The interior layout, fit and finish
Driving position and dashboard
The driver’s seat is jolly comfortable, and all versions provide height adjustment for the driver. It provides decent side support in corners and, although lumbar adjustment isn't available at all, the lower back support is fine and far better than it is in the VW Up. Another boon is that the backrest can be adjusted easily using a rotary knob — most city cars have an annoying ratcheted lever that offers limited positions.
Like pretty much every city car, the steering moves for height but not reach, and the dials move with the steering wheel so you can always see them easily. Everything on the dashboard is within easy reach and the temperature and ventilation controls are simple to use, too.
Visibility, parking sensors and cameras
Small cars need to be easy to see out of, especially when you’re darting around busy towns and cities. Fortunately, the Aygo's tall windows and reasonably narrow front pillars allow good visibility forwards, but its swept-up rear window line makes seeing out the back less easy than from inside a VW Up.

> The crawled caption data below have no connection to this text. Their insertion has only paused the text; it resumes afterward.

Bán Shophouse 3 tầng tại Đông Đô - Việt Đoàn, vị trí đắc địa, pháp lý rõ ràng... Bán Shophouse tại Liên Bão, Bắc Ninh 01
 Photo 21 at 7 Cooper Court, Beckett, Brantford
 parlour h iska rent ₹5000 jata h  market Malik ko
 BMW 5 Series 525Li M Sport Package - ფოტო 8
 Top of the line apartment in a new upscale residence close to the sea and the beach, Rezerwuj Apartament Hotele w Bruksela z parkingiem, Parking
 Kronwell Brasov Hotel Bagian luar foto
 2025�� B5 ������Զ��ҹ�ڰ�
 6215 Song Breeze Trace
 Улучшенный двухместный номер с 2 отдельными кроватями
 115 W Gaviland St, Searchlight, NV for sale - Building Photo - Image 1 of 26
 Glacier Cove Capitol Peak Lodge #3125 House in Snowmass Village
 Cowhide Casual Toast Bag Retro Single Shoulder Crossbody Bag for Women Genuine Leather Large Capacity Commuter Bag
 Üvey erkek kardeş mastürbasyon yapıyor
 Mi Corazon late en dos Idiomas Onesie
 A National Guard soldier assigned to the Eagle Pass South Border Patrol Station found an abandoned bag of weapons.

A rear-view camera is standard on all trims, and rear parking sensors are optional. None of the trims come with LED headlights, but you do get LED daytime running lights in all trims. Fog lights appear from X-Trend trim, as do automatic headlights.
Sat nav and infotainment
Every Aygo has Toyota’s 7.0in touchscreen infotainment system, which includes Bluetooth and a DAB radio (with four speakers). There’s no option of adding built-in sat nav, but the system includes Apple CarPlay and Android Auto smartphone integration, which lets you use your phone's navigation apps.
The screen's icons are crisp and bold. Working through the menus is also simple, while connecting your mobile phone via Bluetooth is easy. The system used by the Kia Picanto and Hyundai i10 just pips it for usability, but the Aygo's system knocks spots off the Volkswagen Up's system.
Upgrade to the JBL Edition and you get an upgraded stereo complete with a subwoofer under the boot floor. Despite only having five speakers, it’s a surprisingly punchy system that’s a big step up from the standard stereo.
All models have a leather-wrapped steering wheel and gearknob, along with a few jazzy trims to lift the interior, and the range-topping X-Clusiv adds part-leather seats. The rest of the interior still uses lots of scratchy plastics, though, which look cheap compared with those in the Hyundai i10.
Whatever trim level you go for, the Aygo feels solidly built and the ancillary controls resilient, but not quite as precise as those in the Volkswagen Up or Kia Picanto.